Шрифт:
Она споткнулась на нем, опалив взглядом запоминающим, удержала смутный порыв губ, ступила немного в обход, еще тревожно и болезненно заглядывая в его лицо, шагнула еще, еще раз, и ушла, скрывшись за спиной легким бесплотным звуком.
Шелковников сочувственно развел руками и присвистнул:
— Куда уж нам к красивым бабам!
Грачев сунул стакан на мойку и шепнул:
— Вот так. Так.
И он опять отправился к расписанию с безучастностью пенсионера, осматривающего пионерский лагерь, — навстречу решительно вышагивал Симбирцев с тремя соратниками — очки его млечно потели от стужи, полы куртки величаво расплылись в стороны.
— Братец, сегодня у курса аттестация по теории социализма, — сердито бросил он Грачеву. —Не пройдешь — стипендию снимут, понял? В 316-й или 333-й, глянь по расписанию.
В расписании аттестация не значилась. Грачев изучал его строчка за строчкой, уже чувствуя присутствие за спиной гнетущего ожидания.
Это был Хруль.
— Чего ты там вычитываешь? — спросил Хруль.
— Аттестация, говорят, — раздраженно пояснил Грачев. — А что?
— Да то. Говоришь — разойдемся? — сипло спросил Хруль. —Так думаешь?
— Разойдемся, — и Грачев упорно досказал, — бутылку мне купишь и— живи, порхай и ползай.
— Не нравишься ты мне. Нормальный вроде, а гниешь снутри, все не так говоришь, чего-то гнешь, все не в строчку, — прошипел недоверчиво Хруль. — Вот нет чтобы по-людски… Не, не хочешь ты по-людски. Ну и посмотришь.

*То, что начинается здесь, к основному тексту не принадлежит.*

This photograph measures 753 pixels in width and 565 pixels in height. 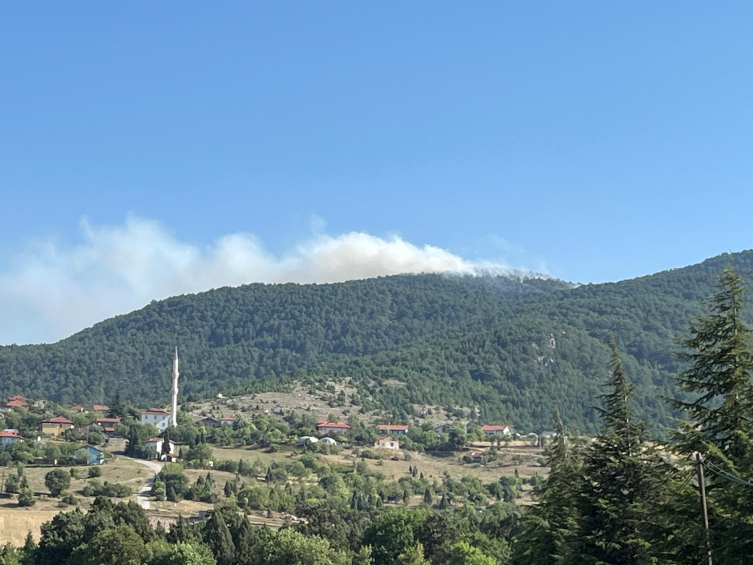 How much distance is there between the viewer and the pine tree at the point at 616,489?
35.9 meters

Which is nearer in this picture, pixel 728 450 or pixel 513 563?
pixel 728 450

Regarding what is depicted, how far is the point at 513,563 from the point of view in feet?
155

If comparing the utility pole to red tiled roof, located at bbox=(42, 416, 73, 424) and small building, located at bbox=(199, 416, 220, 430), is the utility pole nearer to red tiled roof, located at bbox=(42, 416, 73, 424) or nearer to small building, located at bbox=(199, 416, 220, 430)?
red tiled roof, located at bbox=(42, 416, 73, 424)

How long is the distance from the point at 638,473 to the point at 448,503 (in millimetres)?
107165

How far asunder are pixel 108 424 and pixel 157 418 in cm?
1222

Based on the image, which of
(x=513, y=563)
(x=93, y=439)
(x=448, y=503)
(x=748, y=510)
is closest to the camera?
→ (x=748, y=510)

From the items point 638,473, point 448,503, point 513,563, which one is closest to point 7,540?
point 448,503

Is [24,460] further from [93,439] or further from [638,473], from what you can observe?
[638,473]

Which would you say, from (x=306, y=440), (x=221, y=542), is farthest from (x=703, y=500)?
(x=306, y=440)

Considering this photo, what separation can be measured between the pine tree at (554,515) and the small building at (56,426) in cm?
14079

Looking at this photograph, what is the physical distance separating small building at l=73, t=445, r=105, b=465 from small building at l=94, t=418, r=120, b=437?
87.3 feet

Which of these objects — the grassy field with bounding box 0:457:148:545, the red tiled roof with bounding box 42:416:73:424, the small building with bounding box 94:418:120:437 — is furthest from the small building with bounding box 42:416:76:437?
the grassy field with bounding box 0:457:148:545

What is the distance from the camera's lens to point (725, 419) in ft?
96.1

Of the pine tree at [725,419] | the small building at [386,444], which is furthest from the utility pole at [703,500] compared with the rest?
the small building at [386,444]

Грачев отошел на онемевших ногах в сторону 316-й аудитории, глупо что-то насвистывая.
Из 316-й выбрался взъерошенный мужик и с отвращением заглянул в зачетку.
— Аттестация? — уточнил Грачев.
— Она, — подтвердил мужик. — Ух, проститутка!

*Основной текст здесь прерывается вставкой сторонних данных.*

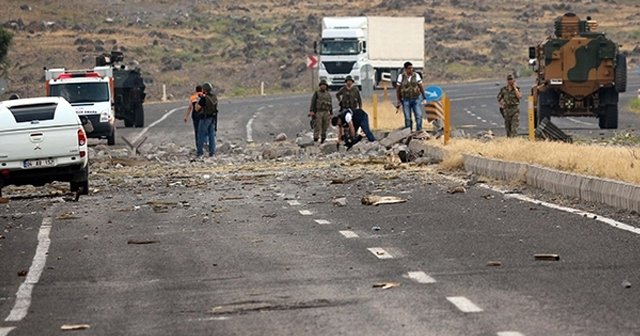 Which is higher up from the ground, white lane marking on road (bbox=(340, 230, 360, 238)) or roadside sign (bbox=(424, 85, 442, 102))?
white lane marking on road (bbox=(340, 230, 360, 238))

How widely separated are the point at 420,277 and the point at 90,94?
35587 millimetres

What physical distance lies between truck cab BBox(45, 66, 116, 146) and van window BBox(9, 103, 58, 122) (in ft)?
66.0

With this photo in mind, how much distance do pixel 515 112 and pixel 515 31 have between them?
9192cm

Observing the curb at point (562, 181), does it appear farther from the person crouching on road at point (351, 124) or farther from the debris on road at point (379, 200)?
the person crouching on road at point (351, 124)

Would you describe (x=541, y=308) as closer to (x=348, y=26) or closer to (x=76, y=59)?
(x=348, y=26)

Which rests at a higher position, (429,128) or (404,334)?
(404,334)

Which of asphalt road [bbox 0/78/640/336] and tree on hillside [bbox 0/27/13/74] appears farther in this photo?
tree on hillside [bbox 0/27/13/74]

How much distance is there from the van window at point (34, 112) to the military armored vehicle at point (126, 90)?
2819 cm

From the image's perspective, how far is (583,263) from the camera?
526 inches

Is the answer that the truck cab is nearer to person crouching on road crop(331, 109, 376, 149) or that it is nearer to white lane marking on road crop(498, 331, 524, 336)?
person crouching on road crop(331, 109, 376, 149)

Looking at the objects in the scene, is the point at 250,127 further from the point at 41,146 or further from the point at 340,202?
the point at 340,202

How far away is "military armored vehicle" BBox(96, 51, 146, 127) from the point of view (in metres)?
55.5

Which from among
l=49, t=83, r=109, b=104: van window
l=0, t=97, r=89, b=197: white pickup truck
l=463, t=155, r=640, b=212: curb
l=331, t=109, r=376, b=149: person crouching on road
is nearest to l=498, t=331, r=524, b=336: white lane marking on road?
l=463, t=155, r=640, b=212: curb

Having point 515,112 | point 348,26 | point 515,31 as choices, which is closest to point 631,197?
point 515,112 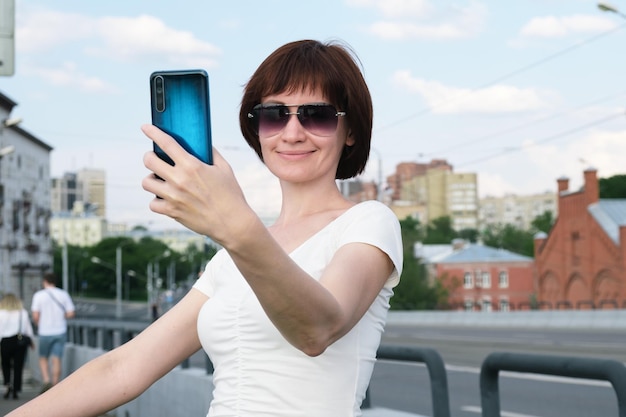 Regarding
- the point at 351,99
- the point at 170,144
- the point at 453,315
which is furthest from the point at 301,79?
the point at 453,315

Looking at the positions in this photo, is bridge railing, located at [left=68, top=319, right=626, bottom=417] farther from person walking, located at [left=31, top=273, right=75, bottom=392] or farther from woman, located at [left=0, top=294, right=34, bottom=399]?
woman, located at [left=0, top=294, right=34, bottom=399]

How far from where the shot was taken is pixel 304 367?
2.17 metres

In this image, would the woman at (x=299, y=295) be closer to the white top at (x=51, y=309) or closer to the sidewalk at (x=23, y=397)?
the sidewalk at (x=23, y=397)

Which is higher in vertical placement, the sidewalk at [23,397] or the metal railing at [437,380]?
the metal railing at [437,380]

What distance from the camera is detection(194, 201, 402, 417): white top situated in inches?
85.4

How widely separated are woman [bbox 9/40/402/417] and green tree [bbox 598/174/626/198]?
10876 centimetres

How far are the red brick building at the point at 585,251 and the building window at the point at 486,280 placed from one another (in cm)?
3138

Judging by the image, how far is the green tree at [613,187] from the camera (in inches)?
4237

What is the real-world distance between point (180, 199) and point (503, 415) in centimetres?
464

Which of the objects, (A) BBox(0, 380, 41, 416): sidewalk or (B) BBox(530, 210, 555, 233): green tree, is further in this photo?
(B) BBox(530, 210, 555, 233): green tree

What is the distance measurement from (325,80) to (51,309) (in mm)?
15171

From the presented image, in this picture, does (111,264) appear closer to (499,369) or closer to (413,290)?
(413,290)

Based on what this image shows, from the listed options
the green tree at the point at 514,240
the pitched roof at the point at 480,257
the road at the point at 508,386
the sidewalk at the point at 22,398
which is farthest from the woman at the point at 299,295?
the green tree at the point at 514,240

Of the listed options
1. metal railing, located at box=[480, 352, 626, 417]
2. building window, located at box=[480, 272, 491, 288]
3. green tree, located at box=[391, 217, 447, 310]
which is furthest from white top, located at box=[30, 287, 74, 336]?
building window, located at box=[480, 272, 491, 288] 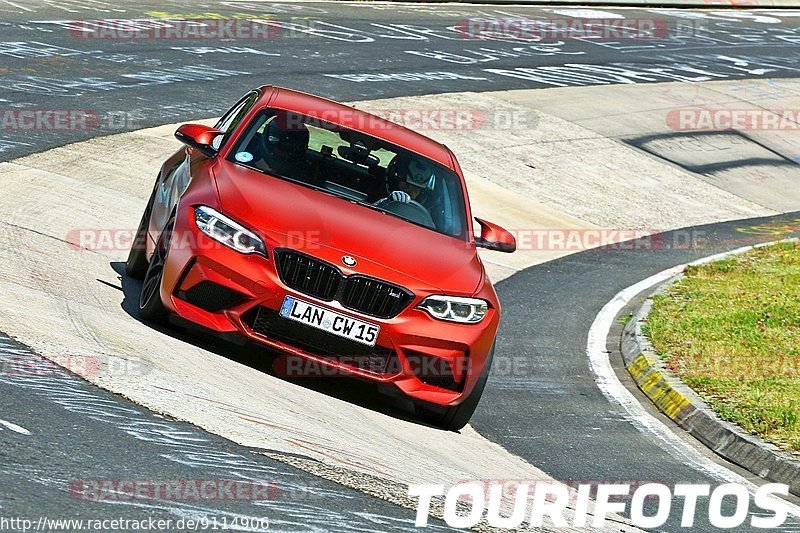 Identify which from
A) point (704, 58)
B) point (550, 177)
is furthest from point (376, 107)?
point (704, 58)

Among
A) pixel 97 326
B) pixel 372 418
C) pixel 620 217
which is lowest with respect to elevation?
pixel 620 217

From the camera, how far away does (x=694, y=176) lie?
2094 centimetres

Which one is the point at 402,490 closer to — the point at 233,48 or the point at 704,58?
the point at 233,48

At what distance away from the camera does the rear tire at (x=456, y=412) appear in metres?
7.91

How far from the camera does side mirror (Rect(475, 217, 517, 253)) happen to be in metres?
8.95

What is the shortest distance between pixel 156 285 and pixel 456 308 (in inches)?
71.3

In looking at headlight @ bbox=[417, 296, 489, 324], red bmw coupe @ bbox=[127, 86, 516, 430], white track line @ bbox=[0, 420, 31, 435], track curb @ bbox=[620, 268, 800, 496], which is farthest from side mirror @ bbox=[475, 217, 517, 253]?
white track line @ bbox=[0, 420, 31, 435]

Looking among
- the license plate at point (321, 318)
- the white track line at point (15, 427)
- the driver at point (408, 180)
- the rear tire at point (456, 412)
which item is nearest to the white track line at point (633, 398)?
the rear tire at point (456, 412)

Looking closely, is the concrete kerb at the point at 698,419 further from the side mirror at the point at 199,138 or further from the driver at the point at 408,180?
the side mirror at the point at 199,138

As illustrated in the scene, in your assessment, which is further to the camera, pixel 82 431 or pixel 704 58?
pixel 704 58

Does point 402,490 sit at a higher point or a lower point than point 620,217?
higher

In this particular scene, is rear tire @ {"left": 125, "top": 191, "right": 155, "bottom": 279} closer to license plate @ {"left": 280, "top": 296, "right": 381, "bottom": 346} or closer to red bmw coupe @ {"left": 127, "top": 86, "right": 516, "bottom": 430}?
red bmw coupe @ {"left": 127, "top": 86, "right": 516, "bottom": 430}

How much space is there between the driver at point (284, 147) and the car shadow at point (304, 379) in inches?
47.2

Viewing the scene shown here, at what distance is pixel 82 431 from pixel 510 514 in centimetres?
200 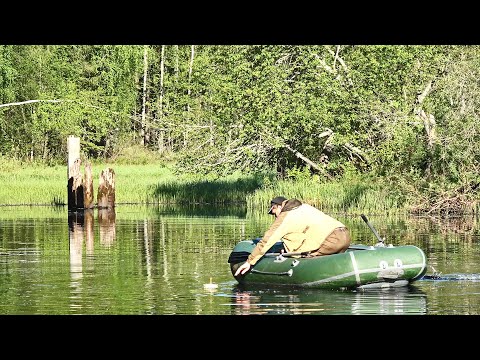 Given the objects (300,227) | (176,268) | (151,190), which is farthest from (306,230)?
(151,190)

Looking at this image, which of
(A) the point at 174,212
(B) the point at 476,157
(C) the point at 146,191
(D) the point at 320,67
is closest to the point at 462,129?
(B) the point at 476,157

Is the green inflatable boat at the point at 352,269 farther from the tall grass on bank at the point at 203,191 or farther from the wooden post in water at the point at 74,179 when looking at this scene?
the wooden post in water at the point at 74,179

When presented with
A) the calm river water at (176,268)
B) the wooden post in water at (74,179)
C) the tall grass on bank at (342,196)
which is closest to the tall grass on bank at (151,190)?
the wooden post in water at (74,179)

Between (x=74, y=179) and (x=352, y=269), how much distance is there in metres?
19.3

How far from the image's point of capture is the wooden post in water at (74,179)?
32844 millimetres

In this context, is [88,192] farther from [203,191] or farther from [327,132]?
[327,132]

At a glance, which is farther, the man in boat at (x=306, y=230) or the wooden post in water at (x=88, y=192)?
the wooden post in water at (x=88, y=192)

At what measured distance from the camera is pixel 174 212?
31828mm

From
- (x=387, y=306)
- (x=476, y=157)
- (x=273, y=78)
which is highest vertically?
(x=273, y=78)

— Баба принимает? Сильно сажает, да?
— Не то слово, Стерва, — потряхивал головой мужик. — Аспирантка, а дерьма из нее лезет, как из профессора. По всему курсу мутузит, на датах ловит..
— Списать можно?
— Мастер спишет. Давай за последний стол, там учебник, бумажки какие-то бабы оставили, пошаришь. Но аспирантка — это просто облом какой-то, ну валяй. Ты не видал, в «Российские вина» очередь стоит?
Грачев помялся у двери, подержал рукой грозный холод дверной ручки, ухмыльнулся и сильно постучал: так, так, так, так.
Четыре товарища гнулись за столами слева и справа, как гребцы на галерах, прикованные к веслам. Пятый сидел на стуле, словно на колу, с лицом подвергнутого клизме и невнятно булькал что-то по-бульдожьи подобравшейся аспирантке.
— Вы ничего не знаете! — с отвращением резала аспирантка. — И списать пытались, все, все, ну все, не надо мне ничего говорить, недоноски просто какие-то, все! Вон!
Товарищ заерзал, будто на сковороде:
— Я читал, памяти просто нет никакой: ребенок болеет, спать не дает. Может, я по кусочкам отвечу?
— По кусочкам ты будешь туалетную бумагу рвать, — аспирантка переправила зачетку в помертвевшие руки товарища — тот пошатался и двери слепцом, аспирантка повернулась к скромно ждущему очереди Грачеву.
Это была Нина Эдуардовна. Утренняя аспирантка из читалки в общаге.
Грачев, очень глупо ухмыляясь, пятился назад и наскоро объяснял прерывистым голосом:
— Я— следующий раз. У меня содоклад на другой кафедре и курсовой коллоквиум, я просто зашел предупредить, очень жаль, следующий раз, уж тогда…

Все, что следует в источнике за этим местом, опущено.